Where does "يحدد" appear in the data? Return each line that holds it.

⁂

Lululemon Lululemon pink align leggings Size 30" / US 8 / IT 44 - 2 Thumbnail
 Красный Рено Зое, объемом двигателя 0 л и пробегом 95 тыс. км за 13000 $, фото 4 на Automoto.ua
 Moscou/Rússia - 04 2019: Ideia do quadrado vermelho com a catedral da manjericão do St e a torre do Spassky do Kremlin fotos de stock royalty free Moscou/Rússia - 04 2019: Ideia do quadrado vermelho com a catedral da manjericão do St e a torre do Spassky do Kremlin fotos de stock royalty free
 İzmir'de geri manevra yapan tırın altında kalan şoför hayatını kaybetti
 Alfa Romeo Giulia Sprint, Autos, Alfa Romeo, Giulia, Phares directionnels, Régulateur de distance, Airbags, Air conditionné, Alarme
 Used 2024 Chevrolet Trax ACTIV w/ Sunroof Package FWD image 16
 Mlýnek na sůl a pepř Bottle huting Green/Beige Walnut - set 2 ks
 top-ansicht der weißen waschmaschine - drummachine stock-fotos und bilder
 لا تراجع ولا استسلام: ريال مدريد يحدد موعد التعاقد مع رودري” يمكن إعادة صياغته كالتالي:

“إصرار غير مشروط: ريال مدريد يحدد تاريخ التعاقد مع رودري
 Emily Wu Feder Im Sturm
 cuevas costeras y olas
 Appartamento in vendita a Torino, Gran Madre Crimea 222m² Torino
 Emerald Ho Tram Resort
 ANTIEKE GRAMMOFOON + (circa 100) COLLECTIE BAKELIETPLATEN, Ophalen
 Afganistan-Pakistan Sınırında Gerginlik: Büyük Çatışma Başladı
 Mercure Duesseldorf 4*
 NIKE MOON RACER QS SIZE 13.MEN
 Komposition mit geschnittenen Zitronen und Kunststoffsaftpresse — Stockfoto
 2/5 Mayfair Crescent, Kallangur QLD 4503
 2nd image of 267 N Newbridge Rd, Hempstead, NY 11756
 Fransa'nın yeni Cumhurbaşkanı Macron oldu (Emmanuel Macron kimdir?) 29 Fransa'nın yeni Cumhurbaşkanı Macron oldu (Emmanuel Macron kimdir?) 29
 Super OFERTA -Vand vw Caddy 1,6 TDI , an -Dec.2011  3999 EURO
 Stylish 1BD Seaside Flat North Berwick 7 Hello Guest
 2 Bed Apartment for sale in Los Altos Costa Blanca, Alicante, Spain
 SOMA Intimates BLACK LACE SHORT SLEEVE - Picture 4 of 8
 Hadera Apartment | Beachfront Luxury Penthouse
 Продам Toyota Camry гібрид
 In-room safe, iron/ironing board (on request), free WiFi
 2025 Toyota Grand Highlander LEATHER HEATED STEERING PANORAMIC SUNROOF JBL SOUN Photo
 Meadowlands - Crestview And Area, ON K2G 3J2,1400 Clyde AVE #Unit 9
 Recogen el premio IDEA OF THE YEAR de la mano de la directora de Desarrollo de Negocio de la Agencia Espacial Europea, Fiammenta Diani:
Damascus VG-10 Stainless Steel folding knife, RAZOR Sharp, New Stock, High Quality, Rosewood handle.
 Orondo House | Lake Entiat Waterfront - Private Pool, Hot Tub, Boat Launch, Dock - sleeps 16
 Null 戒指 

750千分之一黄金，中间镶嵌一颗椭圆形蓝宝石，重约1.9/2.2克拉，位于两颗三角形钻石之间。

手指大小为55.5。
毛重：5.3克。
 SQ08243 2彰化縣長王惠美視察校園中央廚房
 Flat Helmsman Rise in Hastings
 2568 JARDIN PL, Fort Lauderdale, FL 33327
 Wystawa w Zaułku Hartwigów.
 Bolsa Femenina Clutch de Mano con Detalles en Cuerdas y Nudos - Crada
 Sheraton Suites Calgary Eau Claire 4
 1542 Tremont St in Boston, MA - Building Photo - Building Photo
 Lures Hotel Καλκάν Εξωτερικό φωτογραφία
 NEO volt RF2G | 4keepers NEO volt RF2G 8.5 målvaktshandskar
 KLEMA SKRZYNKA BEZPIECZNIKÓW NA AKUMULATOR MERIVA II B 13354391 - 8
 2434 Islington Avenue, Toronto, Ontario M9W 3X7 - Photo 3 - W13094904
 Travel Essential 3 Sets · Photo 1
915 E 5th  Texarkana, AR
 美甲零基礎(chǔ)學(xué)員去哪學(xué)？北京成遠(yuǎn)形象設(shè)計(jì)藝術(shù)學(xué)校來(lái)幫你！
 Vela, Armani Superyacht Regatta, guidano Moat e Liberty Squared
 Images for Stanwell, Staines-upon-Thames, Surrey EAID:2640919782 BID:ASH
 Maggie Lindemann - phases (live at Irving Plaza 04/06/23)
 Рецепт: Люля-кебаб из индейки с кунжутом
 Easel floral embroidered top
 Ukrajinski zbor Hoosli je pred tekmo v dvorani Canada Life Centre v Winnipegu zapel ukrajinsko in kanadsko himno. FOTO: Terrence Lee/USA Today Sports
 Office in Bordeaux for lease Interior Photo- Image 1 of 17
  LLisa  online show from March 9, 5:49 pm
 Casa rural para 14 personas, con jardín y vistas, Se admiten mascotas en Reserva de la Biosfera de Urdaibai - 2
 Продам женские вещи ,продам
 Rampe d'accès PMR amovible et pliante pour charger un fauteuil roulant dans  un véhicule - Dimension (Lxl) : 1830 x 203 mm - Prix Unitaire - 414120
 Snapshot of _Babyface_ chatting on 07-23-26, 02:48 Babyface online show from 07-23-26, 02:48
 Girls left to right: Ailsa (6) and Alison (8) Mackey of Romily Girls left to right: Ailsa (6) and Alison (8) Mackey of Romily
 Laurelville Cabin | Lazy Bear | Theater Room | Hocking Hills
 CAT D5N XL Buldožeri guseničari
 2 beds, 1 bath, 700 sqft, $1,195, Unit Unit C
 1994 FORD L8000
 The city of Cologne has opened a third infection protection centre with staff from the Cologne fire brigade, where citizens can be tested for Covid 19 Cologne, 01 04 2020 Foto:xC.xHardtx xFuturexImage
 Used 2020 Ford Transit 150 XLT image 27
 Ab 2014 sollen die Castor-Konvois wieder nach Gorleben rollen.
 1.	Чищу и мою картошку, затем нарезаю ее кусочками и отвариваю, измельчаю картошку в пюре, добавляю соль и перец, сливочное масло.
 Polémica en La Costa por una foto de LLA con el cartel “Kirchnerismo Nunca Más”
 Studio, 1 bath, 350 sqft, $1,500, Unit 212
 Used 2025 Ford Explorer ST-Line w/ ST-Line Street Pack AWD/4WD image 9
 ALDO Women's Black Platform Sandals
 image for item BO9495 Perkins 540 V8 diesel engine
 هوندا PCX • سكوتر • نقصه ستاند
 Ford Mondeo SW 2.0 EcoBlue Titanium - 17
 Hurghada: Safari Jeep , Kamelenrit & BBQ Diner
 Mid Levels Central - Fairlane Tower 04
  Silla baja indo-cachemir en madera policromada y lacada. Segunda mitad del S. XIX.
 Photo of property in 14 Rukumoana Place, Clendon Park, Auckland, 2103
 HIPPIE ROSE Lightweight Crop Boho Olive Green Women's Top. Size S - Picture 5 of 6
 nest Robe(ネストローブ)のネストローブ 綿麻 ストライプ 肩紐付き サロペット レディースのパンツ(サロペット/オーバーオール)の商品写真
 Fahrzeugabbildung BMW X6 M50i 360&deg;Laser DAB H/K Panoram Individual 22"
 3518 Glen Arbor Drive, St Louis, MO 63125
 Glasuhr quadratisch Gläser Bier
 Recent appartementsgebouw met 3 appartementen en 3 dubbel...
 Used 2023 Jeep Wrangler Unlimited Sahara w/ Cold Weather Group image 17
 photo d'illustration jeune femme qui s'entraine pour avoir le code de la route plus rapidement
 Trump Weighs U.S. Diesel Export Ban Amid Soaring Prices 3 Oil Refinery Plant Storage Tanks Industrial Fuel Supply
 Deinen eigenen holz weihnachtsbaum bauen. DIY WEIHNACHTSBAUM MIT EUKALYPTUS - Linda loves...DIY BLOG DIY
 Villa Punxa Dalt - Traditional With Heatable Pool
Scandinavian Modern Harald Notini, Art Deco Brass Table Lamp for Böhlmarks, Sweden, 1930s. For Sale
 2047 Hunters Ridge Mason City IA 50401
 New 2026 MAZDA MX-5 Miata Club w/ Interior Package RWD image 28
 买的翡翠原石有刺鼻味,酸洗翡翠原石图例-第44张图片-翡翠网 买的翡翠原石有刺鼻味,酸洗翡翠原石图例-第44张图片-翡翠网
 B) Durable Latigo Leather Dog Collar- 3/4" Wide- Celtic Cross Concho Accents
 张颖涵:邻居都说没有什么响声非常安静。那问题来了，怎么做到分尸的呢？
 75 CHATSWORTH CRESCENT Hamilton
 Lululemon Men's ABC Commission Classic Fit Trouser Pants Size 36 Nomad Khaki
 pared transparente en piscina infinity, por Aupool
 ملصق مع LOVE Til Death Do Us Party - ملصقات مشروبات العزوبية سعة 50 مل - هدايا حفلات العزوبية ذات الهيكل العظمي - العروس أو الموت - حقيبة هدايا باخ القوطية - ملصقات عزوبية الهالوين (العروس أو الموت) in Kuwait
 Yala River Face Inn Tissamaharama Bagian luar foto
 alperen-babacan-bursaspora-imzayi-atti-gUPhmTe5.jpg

⁂

- **RESULT OF THIS TASK**
 لا تراجع ولا استسلام: ريال مدريد يحدد موعد التعاقد مع رودري” يمكن إعادة صياغته كالتالي:
“إصرار غير مشروط: ريال مدريد يحدد تاريخ التعاقد مع رودري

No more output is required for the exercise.